(The task) Output exactly the lines from the one containing "EMANUEL UNGARO." through the final line of the entries below, both included, and skip the pictures.

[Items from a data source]
● ● ● ●

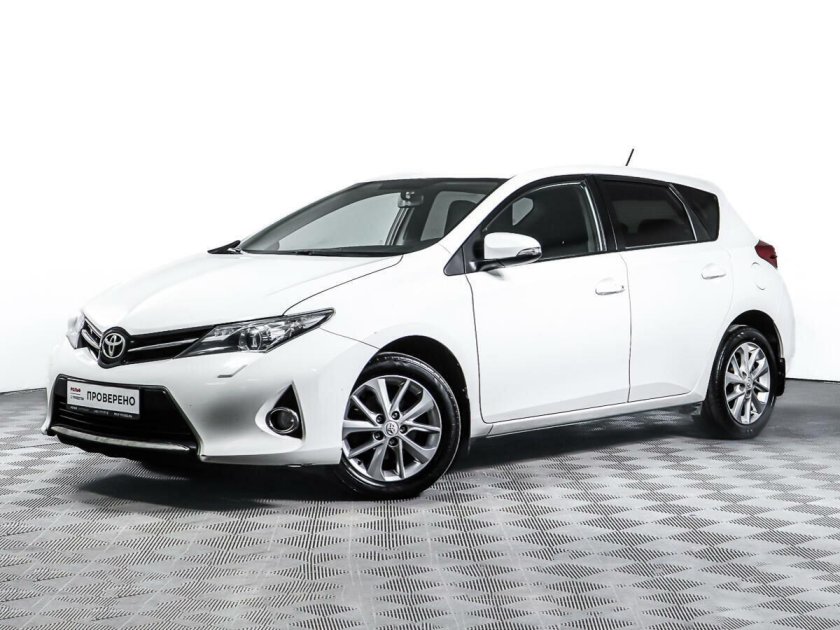 Toyota auris 2013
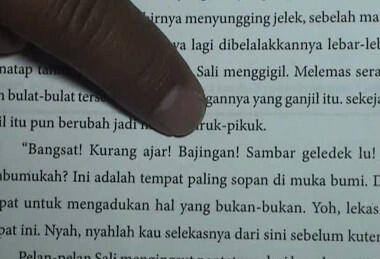 Beredar Buku SMP Berisikan Kata-Kata Tak Pantas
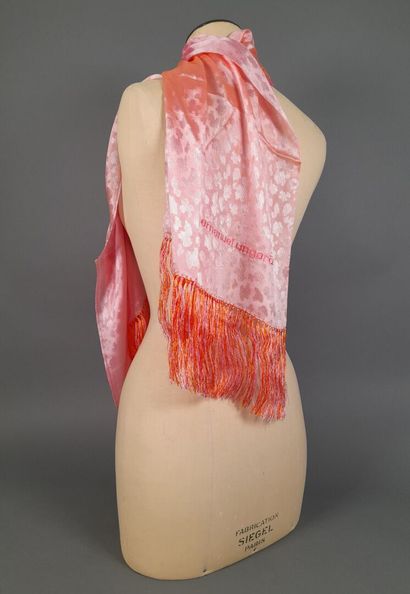 EMANUEL UNGARO.
Fringed scarf in shaped pink...
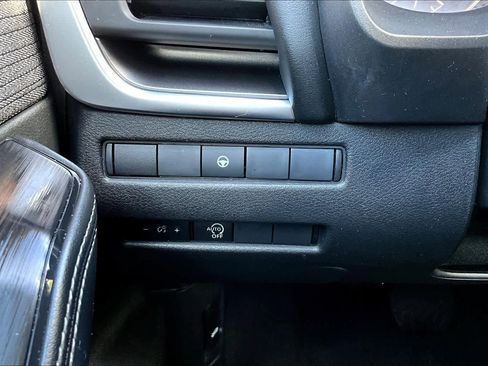 Used 2023 Nissan Rogue SV image 32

● ● ● ●

(Exercise response)
 EMANUEL UNGARO.
Fringed scarf in shaped pink...
 Used 2023 Nissan Rogue SV image 32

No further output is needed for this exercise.